─── Working data

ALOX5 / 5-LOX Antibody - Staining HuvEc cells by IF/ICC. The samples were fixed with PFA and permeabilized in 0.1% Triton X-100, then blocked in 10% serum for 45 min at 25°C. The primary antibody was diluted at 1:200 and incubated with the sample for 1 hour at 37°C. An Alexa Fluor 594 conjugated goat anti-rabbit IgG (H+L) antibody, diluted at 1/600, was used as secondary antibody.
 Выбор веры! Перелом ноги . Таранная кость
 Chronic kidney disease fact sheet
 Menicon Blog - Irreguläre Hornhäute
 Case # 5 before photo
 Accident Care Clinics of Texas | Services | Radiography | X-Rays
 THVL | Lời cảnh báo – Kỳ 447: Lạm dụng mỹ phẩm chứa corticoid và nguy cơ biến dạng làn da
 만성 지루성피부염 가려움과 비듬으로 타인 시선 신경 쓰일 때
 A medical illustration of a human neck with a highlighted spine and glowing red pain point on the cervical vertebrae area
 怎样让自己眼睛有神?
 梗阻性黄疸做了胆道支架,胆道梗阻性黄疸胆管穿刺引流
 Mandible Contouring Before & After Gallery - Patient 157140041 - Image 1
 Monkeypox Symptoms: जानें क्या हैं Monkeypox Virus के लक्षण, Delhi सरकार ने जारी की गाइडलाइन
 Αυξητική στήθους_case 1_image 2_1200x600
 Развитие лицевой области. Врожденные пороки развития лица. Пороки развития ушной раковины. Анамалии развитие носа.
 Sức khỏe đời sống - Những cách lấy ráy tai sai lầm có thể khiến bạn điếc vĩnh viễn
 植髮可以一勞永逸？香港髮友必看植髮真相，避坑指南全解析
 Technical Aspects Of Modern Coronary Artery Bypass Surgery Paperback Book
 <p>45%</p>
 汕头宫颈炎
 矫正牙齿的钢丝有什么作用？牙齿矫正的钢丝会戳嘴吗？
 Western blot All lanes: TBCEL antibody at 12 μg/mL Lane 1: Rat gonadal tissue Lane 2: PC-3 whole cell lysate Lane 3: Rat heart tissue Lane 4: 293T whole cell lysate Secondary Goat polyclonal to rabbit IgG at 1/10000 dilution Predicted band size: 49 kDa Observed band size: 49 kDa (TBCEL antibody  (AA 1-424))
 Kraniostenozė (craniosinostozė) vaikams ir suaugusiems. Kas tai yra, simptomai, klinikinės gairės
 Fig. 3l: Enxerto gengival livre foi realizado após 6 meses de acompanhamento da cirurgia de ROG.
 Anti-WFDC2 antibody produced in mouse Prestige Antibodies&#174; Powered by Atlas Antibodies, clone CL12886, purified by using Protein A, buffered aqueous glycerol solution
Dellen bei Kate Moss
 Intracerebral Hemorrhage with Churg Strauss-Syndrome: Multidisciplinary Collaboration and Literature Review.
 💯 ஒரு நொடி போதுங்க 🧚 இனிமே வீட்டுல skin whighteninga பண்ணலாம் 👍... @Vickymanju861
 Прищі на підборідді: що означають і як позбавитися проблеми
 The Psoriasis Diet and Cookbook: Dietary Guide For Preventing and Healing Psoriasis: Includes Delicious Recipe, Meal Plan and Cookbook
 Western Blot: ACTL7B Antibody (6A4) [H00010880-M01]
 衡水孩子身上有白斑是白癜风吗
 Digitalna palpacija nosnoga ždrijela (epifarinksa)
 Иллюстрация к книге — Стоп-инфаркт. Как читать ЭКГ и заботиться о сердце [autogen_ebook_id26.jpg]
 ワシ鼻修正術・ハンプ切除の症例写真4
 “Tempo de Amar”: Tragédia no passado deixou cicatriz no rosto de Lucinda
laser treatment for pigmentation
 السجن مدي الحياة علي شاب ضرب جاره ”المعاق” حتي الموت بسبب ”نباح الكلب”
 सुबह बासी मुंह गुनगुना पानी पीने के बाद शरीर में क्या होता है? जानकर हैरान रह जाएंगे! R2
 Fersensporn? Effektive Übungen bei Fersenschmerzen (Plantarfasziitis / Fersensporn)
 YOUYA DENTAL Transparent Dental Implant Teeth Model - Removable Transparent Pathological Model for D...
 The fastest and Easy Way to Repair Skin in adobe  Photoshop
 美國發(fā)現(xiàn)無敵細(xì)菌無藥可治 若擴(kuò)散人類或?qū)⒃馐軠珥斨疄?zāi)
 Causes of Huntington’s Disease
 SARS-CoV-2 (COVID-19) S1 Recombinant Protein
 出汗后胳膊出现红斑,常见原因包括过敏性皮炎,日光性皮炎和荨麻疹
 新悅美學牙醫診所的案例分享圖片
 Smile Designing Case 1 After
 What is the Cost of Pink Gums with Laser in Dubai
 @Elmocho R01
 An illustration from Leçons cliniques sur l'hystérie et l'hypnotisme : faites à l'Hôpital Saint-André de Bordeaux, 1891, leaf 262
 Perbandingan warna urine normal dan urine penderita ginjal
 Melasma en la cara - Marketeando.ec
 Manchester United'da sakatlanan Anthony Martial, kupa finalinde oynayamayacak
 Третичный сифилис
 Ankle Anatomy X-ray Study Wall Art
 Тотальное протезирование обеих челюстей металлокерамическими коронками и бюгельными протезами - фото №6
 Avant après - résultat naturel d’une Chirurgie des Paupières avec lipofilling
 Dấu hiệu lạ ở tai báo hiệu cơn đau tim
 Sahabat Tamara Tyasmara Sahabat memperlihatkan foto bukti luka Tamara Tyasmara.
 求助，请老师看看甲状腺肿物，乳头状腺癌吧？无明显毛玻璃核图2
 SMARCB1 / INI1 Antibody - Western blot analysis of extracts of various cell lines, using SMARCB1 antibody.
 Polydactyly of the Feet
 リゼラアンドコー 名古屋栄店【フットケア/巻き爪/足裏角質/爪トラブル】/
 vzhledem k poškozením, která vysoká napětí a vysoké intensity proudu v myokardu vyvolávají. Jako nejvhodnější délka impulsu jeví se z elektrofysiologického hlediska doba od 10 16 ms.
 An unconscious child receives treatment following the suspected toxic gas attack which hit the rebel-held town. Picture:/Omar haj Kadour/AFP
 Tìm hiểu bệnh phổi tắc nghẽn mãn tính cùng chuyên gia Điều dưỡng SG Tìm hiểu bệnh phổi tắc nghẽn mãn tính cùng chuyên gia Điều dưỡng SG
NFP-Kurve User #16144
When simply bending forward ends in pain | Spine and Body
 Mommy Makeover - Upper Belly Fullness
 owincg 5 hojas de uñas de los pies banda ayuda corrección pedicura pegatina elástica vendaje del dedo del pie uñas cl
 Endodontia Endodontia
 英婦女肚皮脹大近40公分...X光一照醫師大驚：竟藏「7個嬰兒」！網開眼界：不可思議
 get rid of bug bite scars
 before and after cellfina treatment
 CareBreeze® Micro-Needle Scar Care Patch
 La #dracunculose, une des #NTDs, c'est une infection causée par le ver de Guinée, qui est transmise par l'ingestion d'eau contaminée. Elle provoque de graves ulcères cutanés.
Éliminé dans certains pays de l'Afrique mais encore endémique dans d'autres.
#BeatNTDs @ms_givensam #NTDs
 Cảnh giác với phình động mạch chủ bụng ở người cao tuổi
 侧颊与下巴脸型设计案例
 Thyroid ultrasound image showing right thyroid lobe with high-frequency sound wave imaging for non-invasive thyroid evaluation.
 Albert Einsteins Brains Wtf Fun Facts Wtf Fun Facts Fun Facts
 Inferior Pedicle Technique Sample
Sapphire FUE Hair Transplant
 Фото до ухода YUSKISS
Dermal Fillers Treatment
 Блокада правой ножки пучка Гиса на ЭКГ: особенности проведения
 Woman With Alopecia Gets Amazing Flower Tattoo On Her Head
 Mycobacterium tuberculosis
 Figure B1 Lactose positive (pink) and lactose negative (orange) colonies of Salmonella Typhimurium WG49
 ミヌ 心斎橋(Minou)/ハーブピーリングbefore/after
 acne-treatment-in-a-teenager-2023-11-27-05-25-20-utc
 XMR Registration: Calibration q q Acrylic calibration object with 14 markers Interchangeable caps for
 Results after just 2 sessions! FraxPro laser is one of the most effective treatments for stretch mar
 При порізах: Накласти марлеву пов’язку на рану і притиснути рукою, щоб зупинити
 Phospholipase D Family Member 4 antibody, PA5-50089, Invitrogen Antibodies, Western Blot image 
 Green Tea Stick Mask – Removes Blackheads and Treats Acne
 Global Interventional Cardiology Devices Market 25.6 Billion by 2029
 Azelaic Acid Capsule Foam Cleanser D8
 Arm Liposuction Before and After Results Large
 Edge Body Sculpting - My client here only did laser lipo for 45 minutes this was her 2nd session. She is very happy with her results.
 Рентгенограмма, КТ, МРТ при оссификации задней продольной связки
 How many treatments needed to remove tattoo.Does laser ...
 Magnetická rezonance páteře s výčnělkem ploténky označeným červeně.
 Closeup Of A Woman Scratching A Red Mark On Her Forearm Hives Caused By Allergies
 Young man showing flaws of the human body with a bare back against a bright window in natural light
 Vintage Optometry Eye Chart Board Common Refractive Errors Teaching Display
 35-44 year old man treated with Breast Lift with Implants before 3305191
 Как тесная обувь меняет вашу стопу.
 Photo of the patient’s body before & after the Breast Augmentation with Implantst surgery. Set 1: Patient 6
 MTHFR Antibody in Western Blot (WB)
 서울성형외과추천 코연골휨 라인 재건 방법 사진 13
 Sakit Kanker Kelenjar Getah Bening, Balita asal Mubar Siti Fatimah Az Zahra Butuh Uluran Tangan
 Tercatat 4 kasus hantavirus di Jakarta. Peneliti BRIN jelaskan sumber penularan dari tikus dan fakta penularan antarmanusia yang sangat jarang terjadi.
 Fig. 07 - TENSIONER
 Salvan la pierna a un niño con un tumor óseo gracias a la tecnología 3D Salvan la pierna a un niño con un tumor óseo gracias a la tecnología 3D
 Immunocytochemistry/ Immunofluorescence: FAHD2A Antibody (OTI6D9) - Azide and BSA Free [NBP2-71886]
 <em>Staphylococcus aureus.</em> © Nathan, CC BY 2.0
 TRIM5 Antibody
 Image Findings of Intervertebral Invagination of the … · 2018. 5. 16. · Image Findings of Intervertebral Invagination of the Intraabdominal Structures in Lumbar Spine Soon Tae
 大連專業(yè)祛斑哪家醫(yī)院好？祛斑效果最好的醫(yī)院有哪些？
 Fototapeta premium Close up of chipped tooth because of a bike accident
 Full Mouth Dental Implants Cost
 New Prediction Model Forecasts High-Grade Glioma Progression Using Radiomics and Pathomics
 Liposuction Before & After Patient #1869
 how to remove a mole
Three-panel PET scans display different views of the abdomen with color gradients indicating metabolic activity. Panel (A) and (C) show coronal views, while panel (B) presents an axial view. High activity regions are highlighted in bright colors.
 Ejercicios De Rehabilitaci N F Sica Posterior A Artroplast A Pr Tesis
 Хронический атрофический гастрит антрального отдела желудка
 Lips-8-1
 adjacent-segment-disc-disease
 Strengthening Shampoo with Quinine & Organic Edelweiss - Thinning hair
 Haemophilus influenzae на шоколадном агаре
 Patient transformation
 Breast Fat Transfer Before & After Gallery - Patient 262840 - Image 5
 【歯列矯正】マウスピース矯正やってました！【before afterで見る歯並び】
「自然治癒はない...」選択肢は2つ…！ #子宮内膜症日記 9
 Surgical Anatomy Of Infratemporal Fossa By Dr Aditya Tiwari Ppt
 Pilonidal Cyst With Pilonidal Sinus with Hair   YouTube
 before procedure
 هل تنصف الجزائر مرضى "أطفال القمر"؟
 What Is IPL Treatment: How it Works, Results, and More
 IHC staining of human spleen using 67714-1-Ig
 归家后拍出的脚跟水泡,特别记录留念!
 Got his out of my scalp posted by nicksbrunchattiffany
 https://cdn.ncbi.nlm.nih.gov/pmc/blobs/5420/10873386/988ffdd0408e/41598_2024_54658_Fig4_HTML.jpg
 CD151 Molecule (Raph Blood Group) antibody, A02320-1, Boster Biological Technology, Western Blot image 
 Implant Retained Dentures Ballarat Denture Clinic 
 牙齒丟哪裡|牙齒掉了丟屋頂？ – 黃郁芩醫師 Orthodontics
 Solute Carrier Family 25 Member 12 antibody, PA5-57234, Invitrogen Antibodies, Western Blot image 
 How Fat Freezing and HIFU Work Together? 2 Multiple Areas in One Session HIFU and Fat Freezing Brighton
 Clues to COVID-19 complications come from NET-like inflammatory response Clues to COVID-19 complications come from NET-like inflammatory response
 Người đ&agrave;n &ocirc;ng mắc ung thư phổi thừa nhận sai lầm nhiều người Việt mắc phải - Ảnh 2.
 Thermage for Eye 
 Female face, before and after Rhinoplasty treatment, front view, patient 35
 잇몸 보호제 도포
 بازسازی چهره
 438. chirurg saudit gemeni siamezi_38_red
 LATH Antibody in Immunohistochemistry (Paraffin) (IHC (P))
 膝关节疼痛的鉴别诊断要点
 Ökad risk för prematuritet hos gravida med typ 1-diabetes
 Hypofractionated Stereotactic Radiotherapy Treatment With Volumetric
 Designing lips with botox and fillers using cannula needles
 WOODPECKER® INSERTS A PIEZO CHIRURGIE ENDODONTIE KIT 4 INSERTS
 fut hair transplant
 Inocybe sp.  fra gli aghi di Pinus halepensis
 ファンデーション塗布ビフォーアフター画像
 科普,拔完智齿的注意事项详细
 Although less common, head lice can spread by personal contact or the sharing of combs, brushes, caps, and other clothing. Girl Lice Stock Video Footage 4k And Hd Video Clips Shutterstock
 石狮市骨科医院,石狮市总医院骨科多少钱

──────

**Assignment:** Quote the data above from the line containing "vzhledem k poškozením, která" to the line containing "get rid of bug bite scars", inclusive, and stop.

**Result of the task:**
 vzhledem k poškozením, která vysoká napětí a vysoké intensity proudu v myokardu vyvolávají. Jako nejvhodnější délka impulsu jeví se z elektrofysiologického hlediska doba od 10 16 ms.
 An unconscious child receives treatment following the suspected toxic gas attack which hit the rebel-held town. Picture:/Omar haj Kadour/AFP
 Tìm hiểu bệnh phổi tắc nghẽn mãn tính cùng chuyên gia Điều dưỡng SG Tìm hiểu bệnh phổi tắc nghẽn mãn tính cùng chuyên gia Điều dưỡng SG
NFP-Kurve User #16144
When simply bending forward ends in pain | Spine and Body
 Mommy Makeover - Upper Belly Fullness
 owincg 5 hojas de uñas de los pies banda ayuda corrección pedicura pegatina elástica vendaje del dedo del pie uñas cl
 Endodontia Endodontia
 英婦女肚皮脹大近40公分...X光一照醫師大驚：竟藏「7個嬰兒」！網開眼界：不可思議
 get rid of bug bite scars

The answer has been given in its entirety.